Ahora bien, ¿para qué queremos que se acuerden de nosotros? ¿Les voy a pagar a mis caseros con una foto suya? ¿Van a comer mis empleados con un audio suyo mandándoles ánimos? No quiero ser tampoco injusto con sus buenas intenciones, soy consciente de que ellos cobran por hablar, pueden pensar que el resto de los ciudadanos también cobramos por hablar… Quién no ha visto a algún albañil hablándole al montón de ladrillos para organizarles en la pared o al camarero chillando al café de par de mañana para que salga calentito… De locos.

Porque una de dos, o ellos están locos, o lo estamos nosotros, como es una Orden Foral, te dicen que no pueden hacer nada, se ve que su utilidad acaba en las palabras de ánimo, y a seguir protestando por tu cuenta y pensando nuevas formas de salir adelante, y es que cuando tienes una familia que mantener y no cobras un mísero euro, el no poder hacer nada no es una opción. Es más, no conozco a ningún ciudadano corriente que crea que no hacer nada sea una opción, porque cuando tus hijos tienen hambre, cuando tus sueños dependen de levantar la persiana de tu restaurante 16 horas al día, siempre se te ocurre alguna opción, aunque te estés devanando los sesos a las 4 de la mañana para cuadrar cuentas. Igual el problema es ese, que ellos, los políticos, no cobran en función de la riqueza que generan, porque estoy seguro de que si su sueldo dependiese de ello, llevarían 6 meses ya sin cobrar y no estarían diciendo “no podemos hacer nada”, ni ofrecerían mil euros por cerrarte el bar y hacerte perder treinta mil.

Pero como no sé muy bien porqué esto no es así, y en vez de estar trabajando a destajo como hacemos todos, están de gaupasa en el Casino de Madrid al más puro estilo Luis XVI, financiando sus fiestas con los impuestos que nos cobraron el mismo día que nos obligaron a cerrar y nos prohibieron a todos reunirnos más de 6 personas. Y es que esto tiene un ligero tufillo a vasallaje medieval, nosotros pidiendo comida en Cáritas y ellos llenándose los bolsillos y las barrigas a costa de nuestro trabajo. Y cada 4 años a rendirles pleitesía, por Navarra o por Euskal Herria, porque aunque la billetera sea la misma, tiene diferentes nombres.

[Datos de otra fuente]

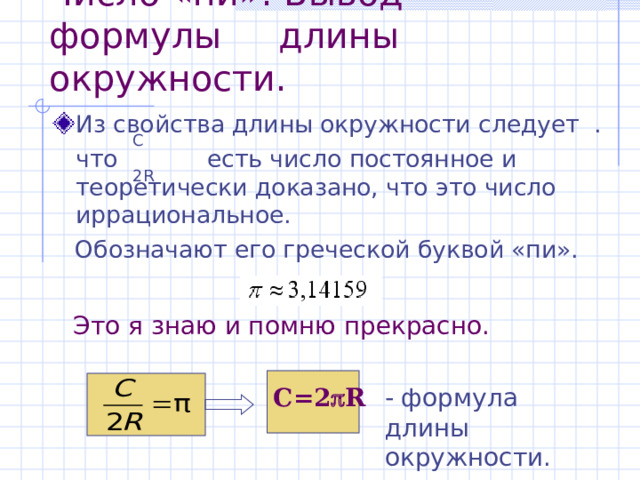 Парадокс аристотеля длина окружности объяснение. Длина окружности. Формула длины. Длина окружности 5 класс. Длина окружности кольца формула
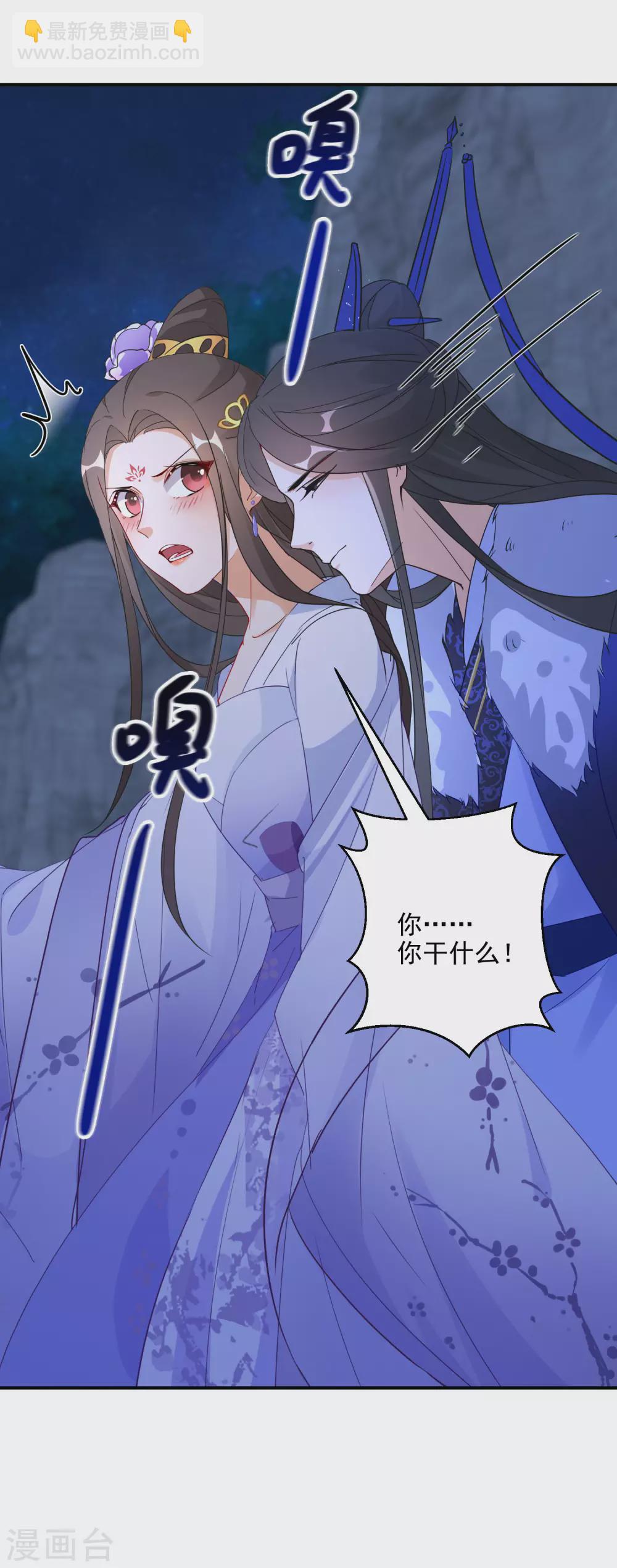 第3话 半神之器18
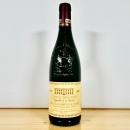 Wein - Chateau Beauchene Serriere Chateauneuf-du-Pape AOC 2020 Frankreich / 75cl / 14%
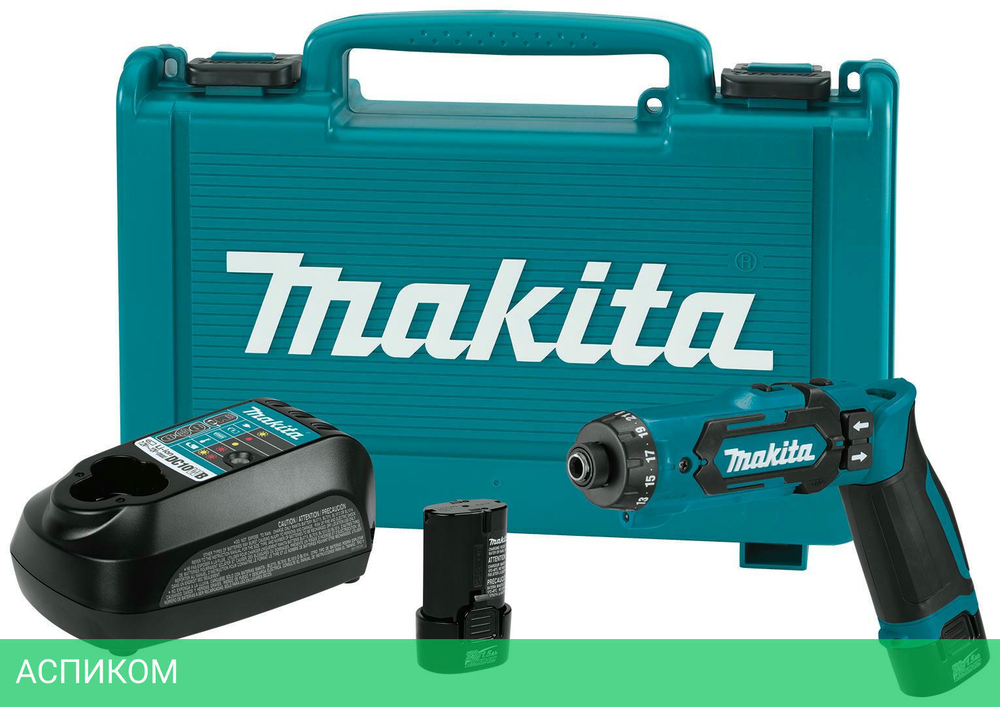 Электрооотвертка Makita DF012DSE кейс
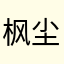 枫尘步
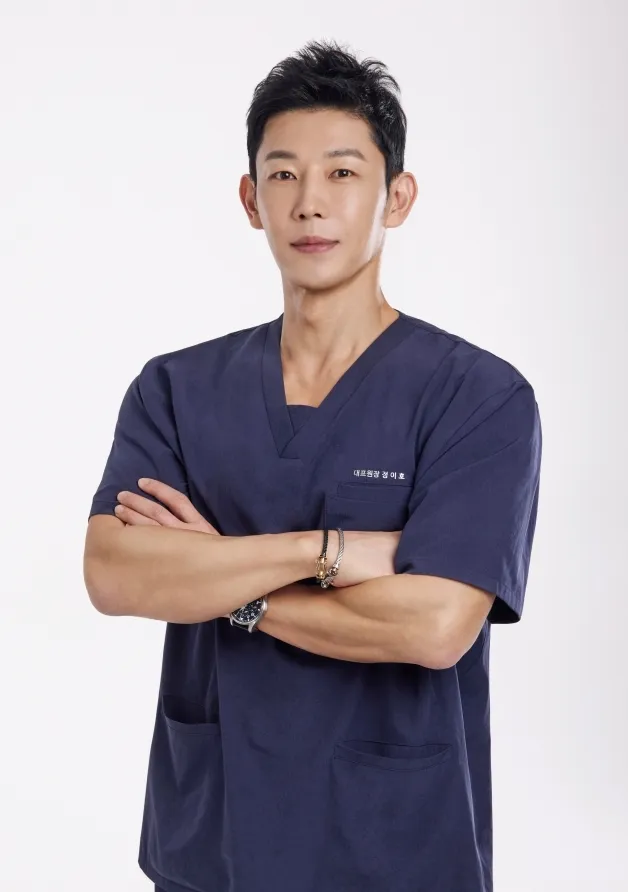 EO Clinic 照片 1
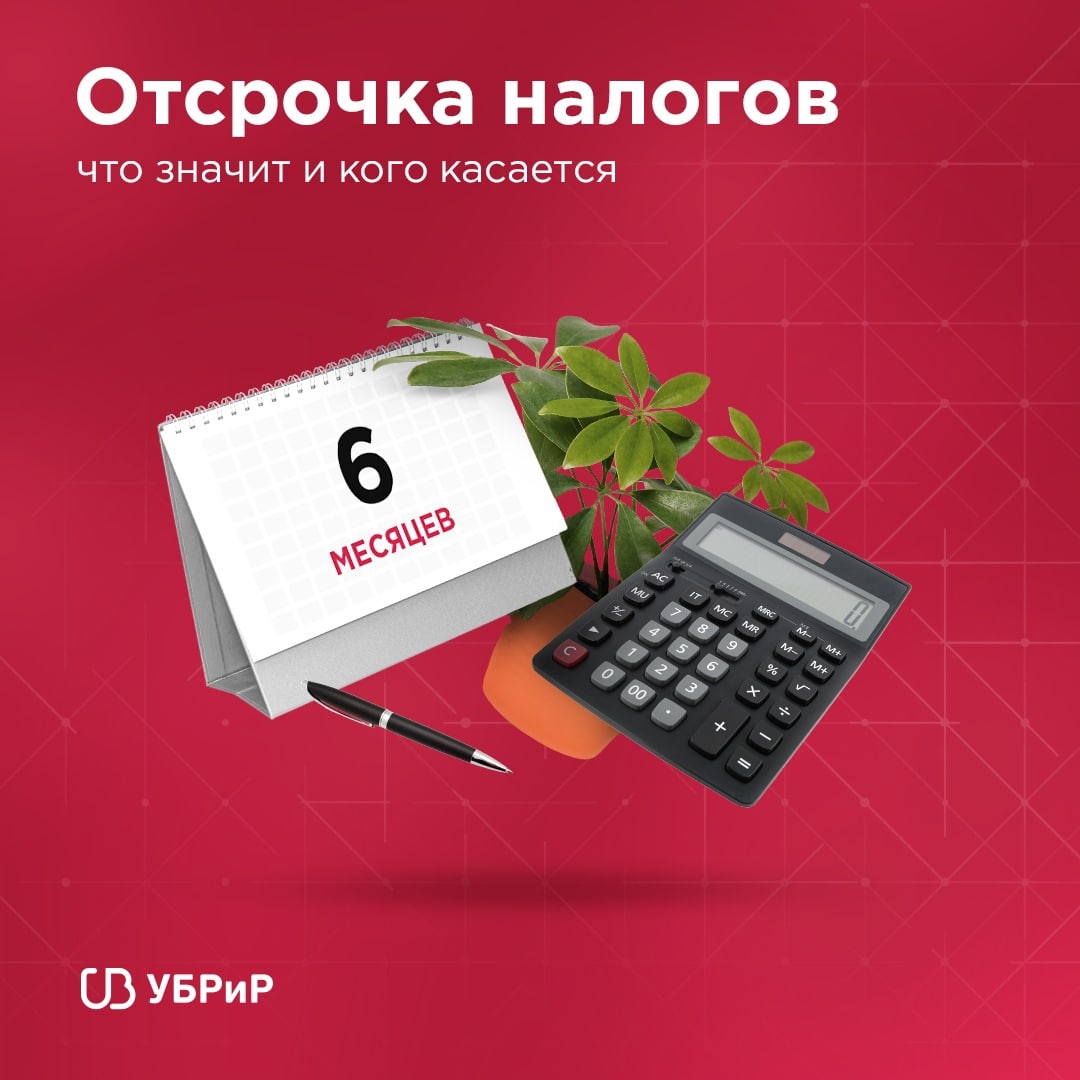 Интернет банки отзывы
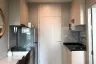 1 Bedroom Condo for sale in Noble Revolve Ratchada 2, Huai Khwang, Bangkok near MRT Thailand Cultural Centre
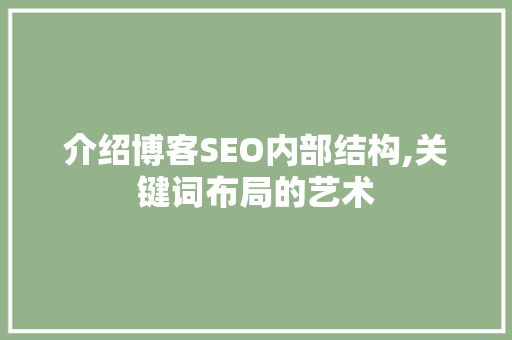 介绍博客SEO内部结构,关键词布局的艺术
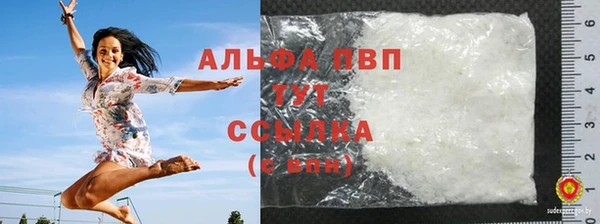 а пвп мука Алзамай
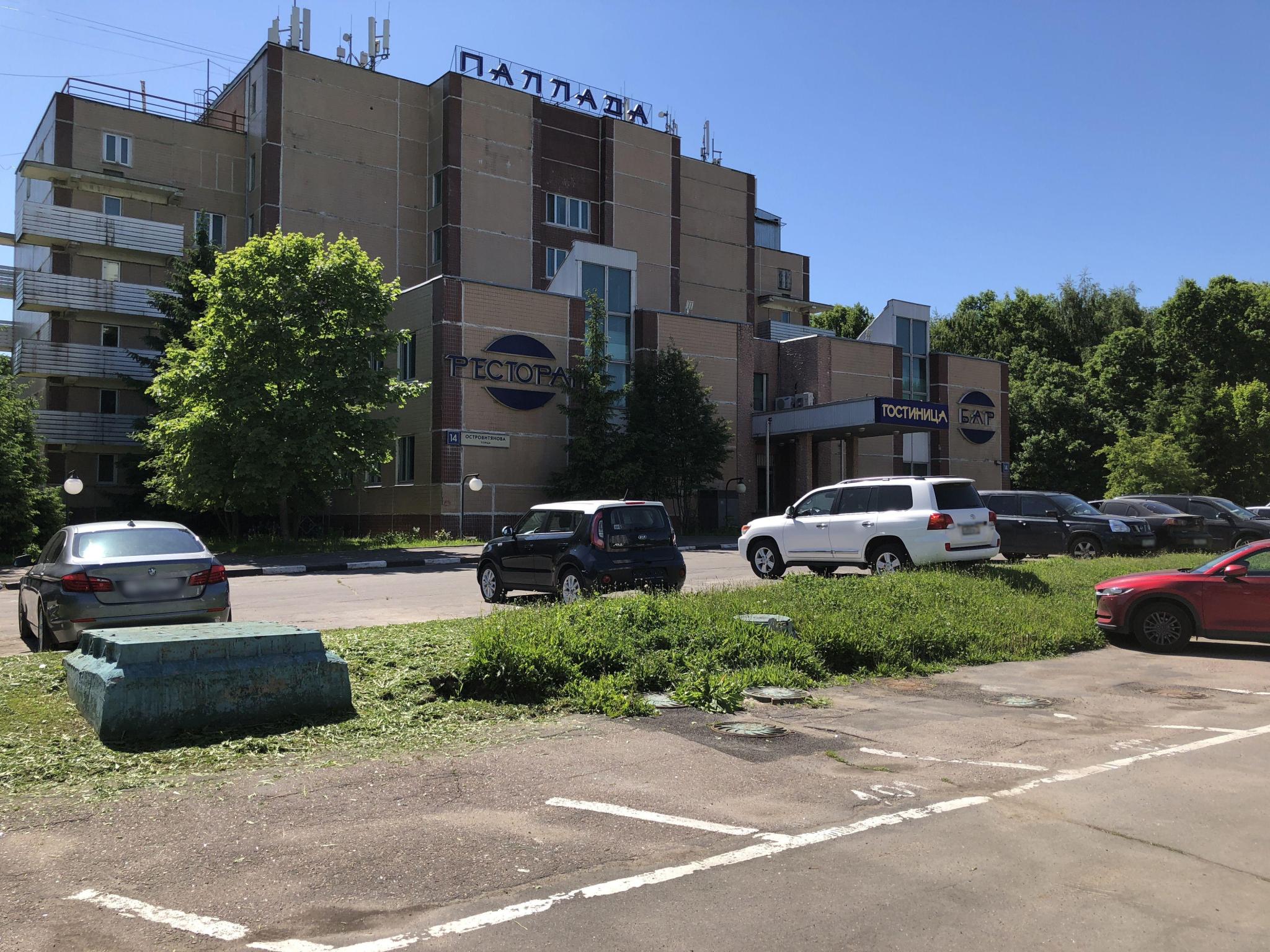 Фото Паллада РАН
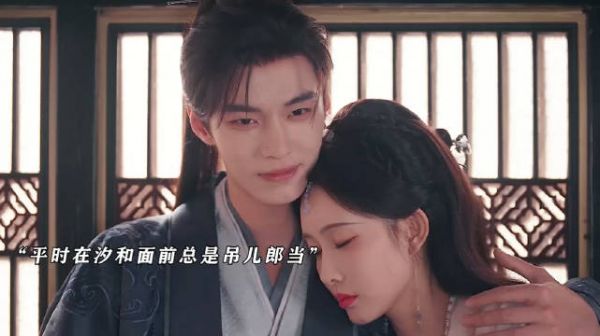 萧华雍以命布局为沈汐和扫清前路荆棘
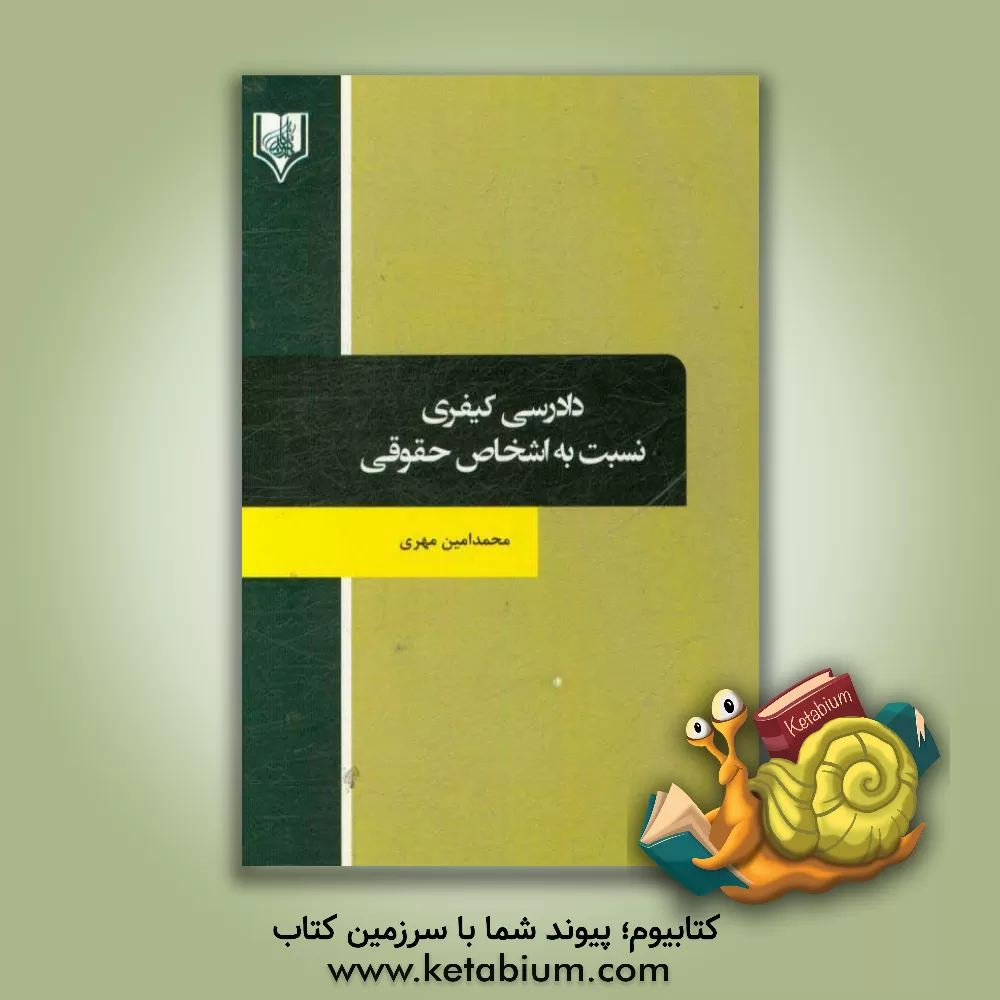 کتاب دادرسی کیفری نسبت به اشخاص حقوقی اثر محمدامین مهری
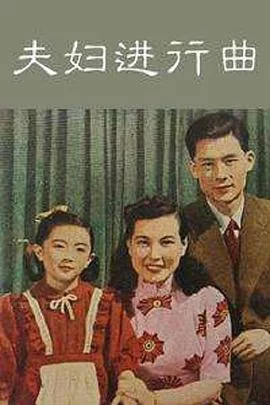 夫妇进行曲海报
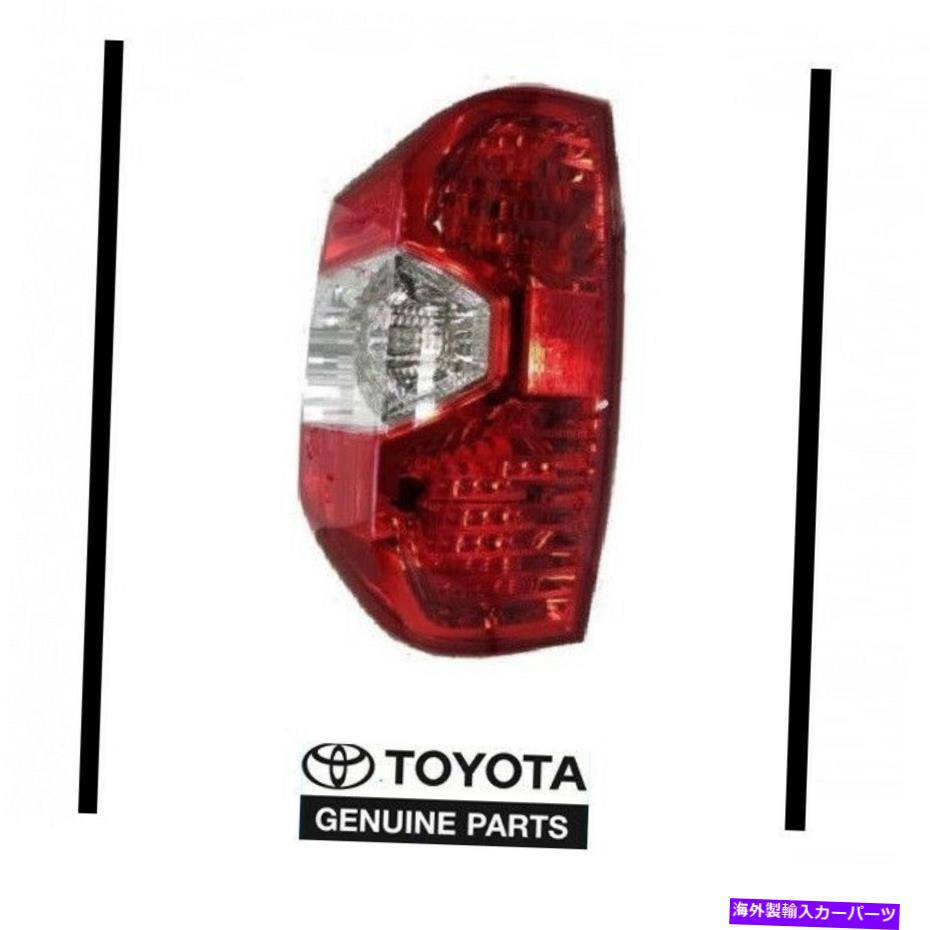 USテールライト 純正トヨタツンドラ2014 -2019左リアテールライトランプNew OEM OE Genuine Toyota Tundra 2014 -2019 Left Rear Tail Light Lamp NEW OEM OE【並行輸入品】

Con todos estos mimbres, no es de extrañar que el diario más influyente de Suiza nos defina como un estado fallido, y no les falta razón, porque la generación más preparada de la historia está hundida en la miseria con un 40% de paro y la capacidad de consumo de la clase media ya sólo alcanza para subsistir, mientras que nuestros políticos aprueban leyes según les caiga en gracia la persona o partido que lo presenta -como auténticos púberes- y el tribunal superior de justicia de Navarra ampara el cierre de la hostelería sin un informe técnico pese a que los datos del ministerio demuestran que cuanta menos actividad ha tenido el sector más contagios ha habido. Pero parece que hay criterios que prevalecen hasta por encima de la decencia. No es muy difícil saber por qué, porque si no eres funcionario y no te han subido el sueldo lo que te han subido son los impuestos.

Carta enviada por Carlos Jordán, hostelero de Pamplona.